You have to suffer through some of the feigned intellectualism (“the lessons are anything but simple”: actually, they are exceedingly simple). But Ruth Marcus has a point. After a nod to presidential restraint and a Katrina reference (stick with me) she gets to this comparison between the Berlin airlift in 1948 and Baghdad:
But there are lessons from the airlift that should be more unsettling for those, like Obama, who want to be done with Iraq. The impulse of many Americans then, just as now, was to be finished with the entire project . . . Sixty years later, as Obama arrives in a prosperous, thriving Berlin, it is fair to wonder whether the Cold War might have unfolded differently had Truman decided not to draw the line there against Soviet aggression.

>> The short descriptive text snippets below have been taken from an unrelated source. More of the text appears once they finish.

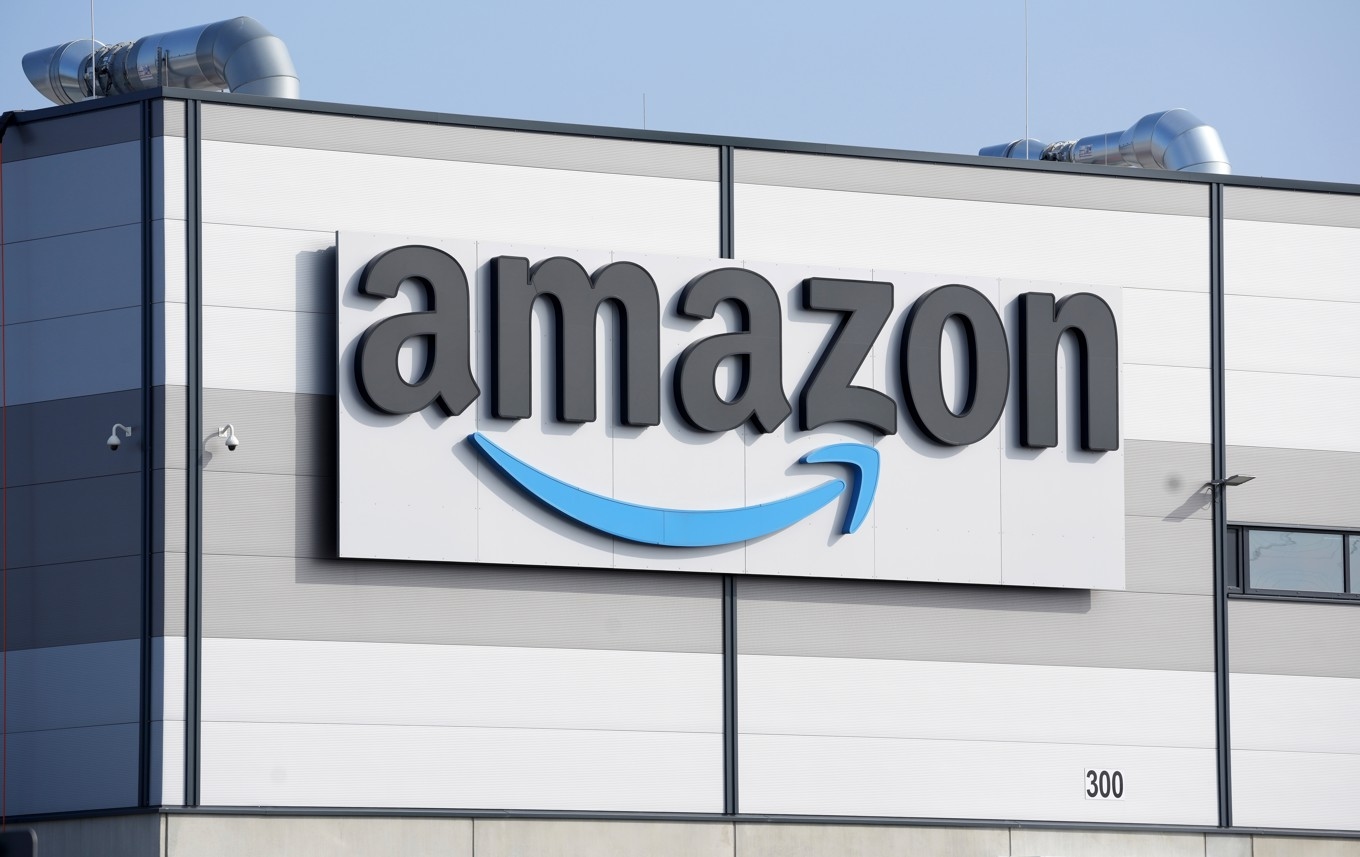 Amazon satsar i Tyskland nästa år. Arkivbild Foto: Michael Sohn/AP/TT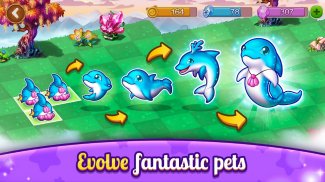 Fantastic Pets: Match & Merge! screenshot 4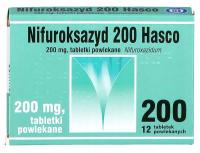 Nifuroksazyd 200 мг ХАСКО препарат на понос, 12 табл.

The allure of quick and definite withdrawal from Iraq is evident. The reward of careful perseverance may become visible only in the long arc of history.
It is that larger historic and strategic argument I think John McCain would do well to make. America has defeated its enemies because we didn’t choose to desert allies and spend our money on “something else” that had a bigger political payoff domestically. We have defended freedom and beaten committed enemies (who observe how we act and see the degree of our resolve) even after we had made errors and suffered setbacks.
I don’t recall President Truman saying that, because others screwed up at Potsdam, he wasn’t going to bother with the mess of a divided Germany. All leaders in war and diplomacy are dealt a flawed hand, the results of their own errors and those who came before them. The issue is whether you fold because the hand is not what you had in mind or whether you make the best of it. What you don’t do is tell your enemies that you’d rather increase domestic spending than win a war you are already fighting. ( Should the Taliban check to see what Obama’s healthcare plan is going to cost to assess his determination to fight on in Afghanistan? How long before that war seems a poor use of funds that could be spent on, say, broadband for Houston?)
McCain would do well to talk about the demands of war, the virtue of perseverance, and the danger of defeat, which invariably emboldens your enemies. Voters might begin to wonder why only one candidate sees that it will be valuable to win a war. And McCain might even get some voters to think what would have happened if past presidents had taken the same approach.